Goldblum (like Oliver Platt, John Malkovich and Christopher Walken) is best at playing himself, and even then it's hit-or-miss. But his character here -- Dexter, a charming, hapless West End theatre imp -- is a perfect fit. Who else can deliver the line "I hope all your children have very small dicks! And that includes the girls!" with such hollow, self-aware aplomb? Throw in Rowan Atkinson as a megalomaniacal comic ("What in the name of Judas Iscariot's bumboy is going on?") and Thompson as a carnally blunt antidote to Meg Ryan ("Are you going to walk me home? Or should I just get murdered on my own?"), and you've got a refreshing, exuberant bit of British irreverance toward sex, dating and theatre. Consider this exchange between Dexter and his prim, glib agent Mary, who is decidedly un-Poppinsish:
You can guess who plays the lead in "Elephant!" The results rival the hilarity of "Red, White & Blaine."AGENT: Well, the only other thing at the moment is a new musical that the RSC are doing.
DEXTER: Er, what's it about?
AGENT: The Elephant Man.
DEXTER: A musical of the Elephant Man? What's it called?
AGENT: "Elephant," I think -- with an exclamation mark presumably.
DEXTER: Pity the poor bastard who has to play the elephant.
AGENT: Remember dearest, everyone thought Jesus Christ Superstar was a stupid idea.
DEXTER: Jesus Christ Superstar was a stupid idea.
AGENT: True.
5 comments:
This movie is a gem. I can't remember the last time I couldn't stop laughing just thinking about scenes from a movie, which is exactly what happened the day after I watched The Tall Guy. Luckily I was only at work when the giggles started. Had I been at church or a funeral, it would have been a laughing-fit disaster.
I found the Elephant: The Musical parts to be the most hilarious. Oh man. Funnier than Springtime for Hitler.
P.S. Dashing new pic, J.J.
Ah yes, I should've brought The Producers into the mix. Perhaps I'll post about satirical faux-musical numbers in the future. The Tall Guy's elephant men tap dance number and "Somewhere in Heaven Is an Angel with Big Ears" deserves a place right next to The Producers' "Springtime for Hitler" and Waiting for Guffman's "Stool Boom."

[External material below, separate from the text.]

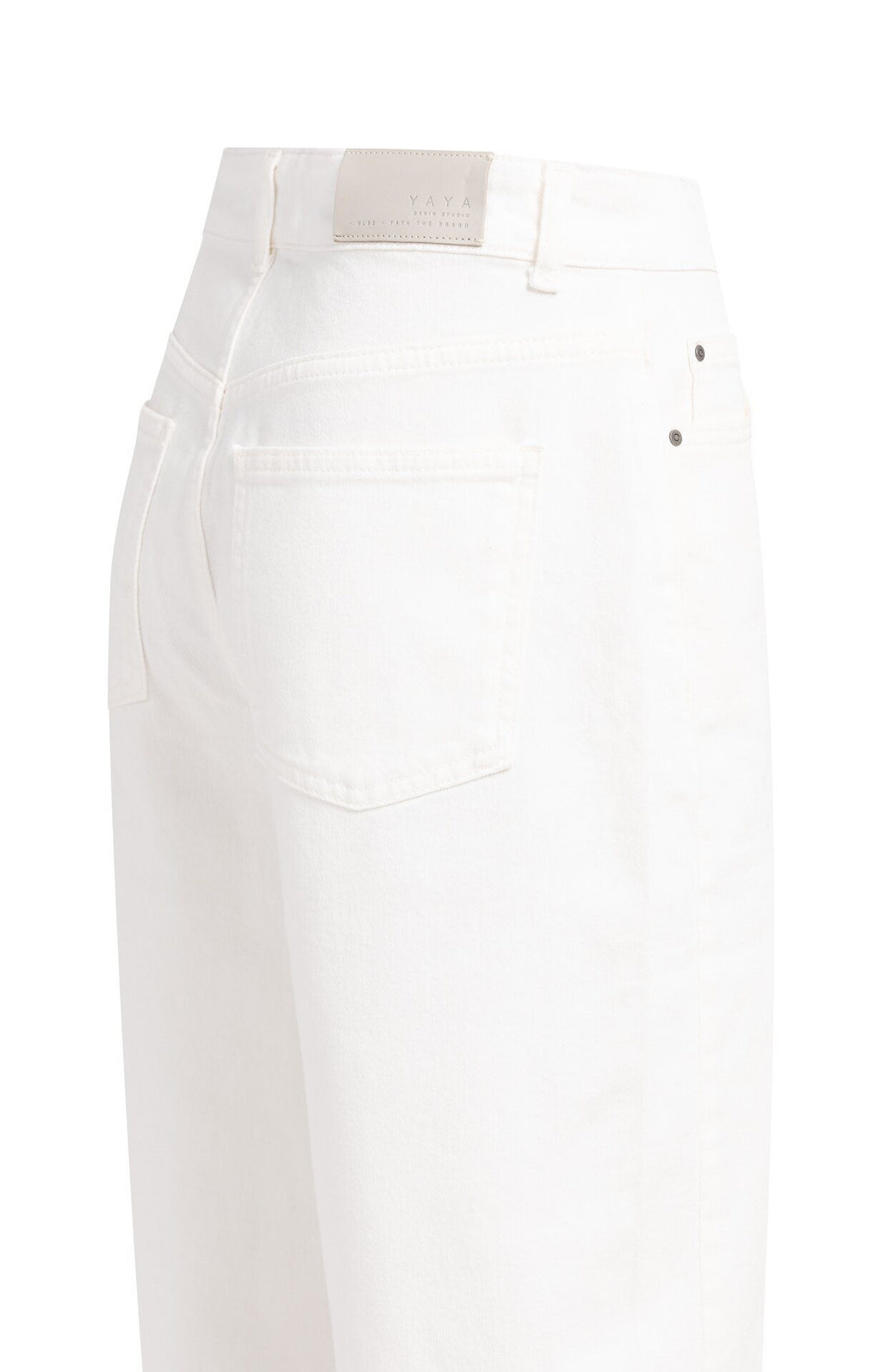 Barrel Jeans in Lichte Wassing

i was going to try to leave some sort of fun comment on how exciting it sounds and how i'll have to see it someday. but i had no fun comments, and deleted all of my previous attempts. so there. i would like to see the movie though.
Beedow, you would love it. When you're finished touring the country, you should get Netflix and immediately add it to your queue.
Ultra-trivial 2 cents worth:
THE TALL GUY was directed by Mel Smith, who also played the Albino in THE PRINCESS BRIDE-- he can be seen in the dungeon where they're torturing Cary Elwes.